It’s a tale of two dismissals during the ICC T20 World Cup Down Under. And they were off the field. No tears shed. No one probably cares enough to discuss it beyond the day’s news box item or television offbeat story. No review for these incidents too! As a crusader for justice, they continue to rankle, well after the Indian cricket team crashed out of the semi-finals to England. Because I doubt if the punishment fits the ‘crime’.
Here’s the drift.
An outsourced hotel employee filmed star batsman Virat Kohli’s hotel room and posted the video on the social media, which went viral. A justifiably upset Virat took exception to this flagrant violation of his privacy. The former Indian skipper’s post gave the incident more traction. It even made it to advertising billboards. The outcry led to the sacking of the hotel staff. I do not hold a brief for this action. The man was most definitely out of line. It was an egregious violation of privacy of any guest, let alone a celebrity. There may have also been security concerns.

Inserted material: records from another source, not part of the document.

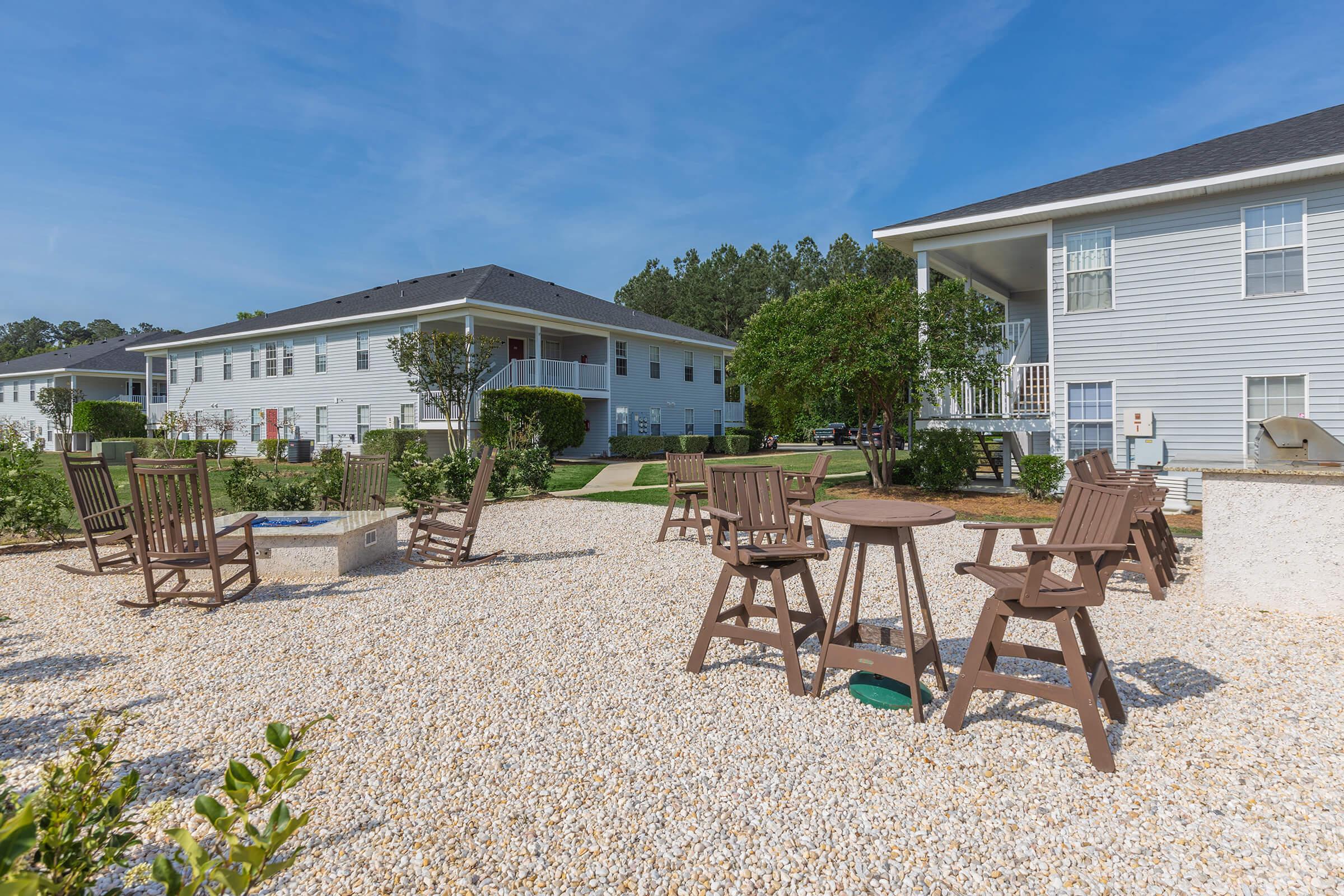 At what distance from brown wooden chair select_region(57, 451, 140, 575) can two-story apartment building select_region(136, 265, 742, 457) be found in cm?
1509

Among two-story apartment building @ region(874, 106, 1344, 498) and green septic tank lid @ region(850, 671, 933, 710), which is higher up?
two-story apartment building @ region(874, 106, 1344, 498)

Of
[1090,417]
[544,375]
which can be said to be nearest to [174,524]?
[1090,417]

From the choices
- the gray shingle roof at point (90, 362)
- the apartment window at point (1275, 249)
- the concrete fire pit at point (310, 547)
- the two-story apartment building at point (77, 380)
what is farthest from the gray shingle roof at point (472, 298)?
the apartment window at point (1275, 249)

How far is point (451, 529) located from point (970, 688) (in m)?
5.20

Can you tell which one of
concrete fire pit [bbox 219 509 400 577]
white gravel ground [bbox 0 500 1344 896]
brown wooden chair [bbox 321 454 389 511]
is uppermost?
brown wooden chair [bbox 321 454 389 511]

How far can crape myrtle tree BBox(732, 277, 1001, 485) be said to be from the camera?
482 inches

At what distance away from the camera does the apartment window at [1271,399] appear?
36.1 ft

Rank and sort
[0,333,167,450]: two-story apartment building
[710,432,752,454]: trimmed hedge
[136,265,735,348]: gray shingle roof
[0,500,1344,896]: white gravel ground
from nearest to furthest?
[0,500,1344,896]: white gravel ground → [136,265,735,348]: gray shingle roof → [710,432,752,454]: trimmed hedge → [0,333,167,450]: two-story apartment building

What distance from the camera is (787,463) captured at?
71.8 ft

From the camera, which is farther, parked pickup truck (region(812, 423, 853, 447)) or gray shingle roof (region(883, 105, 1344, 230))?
parked pickup truck (region(812, 423, 853, 447))

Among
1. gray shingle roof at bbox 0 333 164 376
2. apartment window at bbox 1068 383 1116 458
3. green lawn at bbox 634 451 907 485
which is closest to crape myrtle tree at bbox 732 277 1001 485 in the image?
apartment window at bbox 1068 383 1116 458

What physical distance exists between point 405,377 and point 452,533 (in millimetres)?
18388

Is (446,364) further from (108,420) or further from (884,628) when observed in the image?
(108,420)

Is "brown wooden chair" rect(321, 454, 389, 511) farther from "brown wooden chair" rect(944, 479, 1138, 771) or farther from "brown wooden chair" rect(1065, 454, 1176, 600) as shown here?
"brown wooden chair" rect(1065, 454, 1176, 600)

A few questions crossed my mind. If there was any mala fide intention on his part, would the hotel employee have publicised it online? Was the staff given a hearing before he was “removed” from the hotel account? During the ongoing pandemic when jobs are hard to come by or retain, who will suffer – just the employee or also his family? Would his family lose their medical insurance? Would there be an elderly family member who may be hit? Will the tainted man be able to get another job in the same industry?
One may contend that this is not the complainant’s concern. And that the man ought to have thought about the possible repercussions before committing that breach. But I suspect it was a thoughtless, and in hindsight, a costly act on the spur of the moment. From what I have heard of Virat, while he is a no-nonsense professional, he is also known to be compassionate and sensitive. In a quiet moment, I hope, with his equally kind wife Anushka by his side, Virat feels like reaching out to the Hotel to re-hire the sacked bloke. Organisations focus on damage control. Let errant individuals also have a second chance. Not a ‘free hit’ in that sense but just a warning.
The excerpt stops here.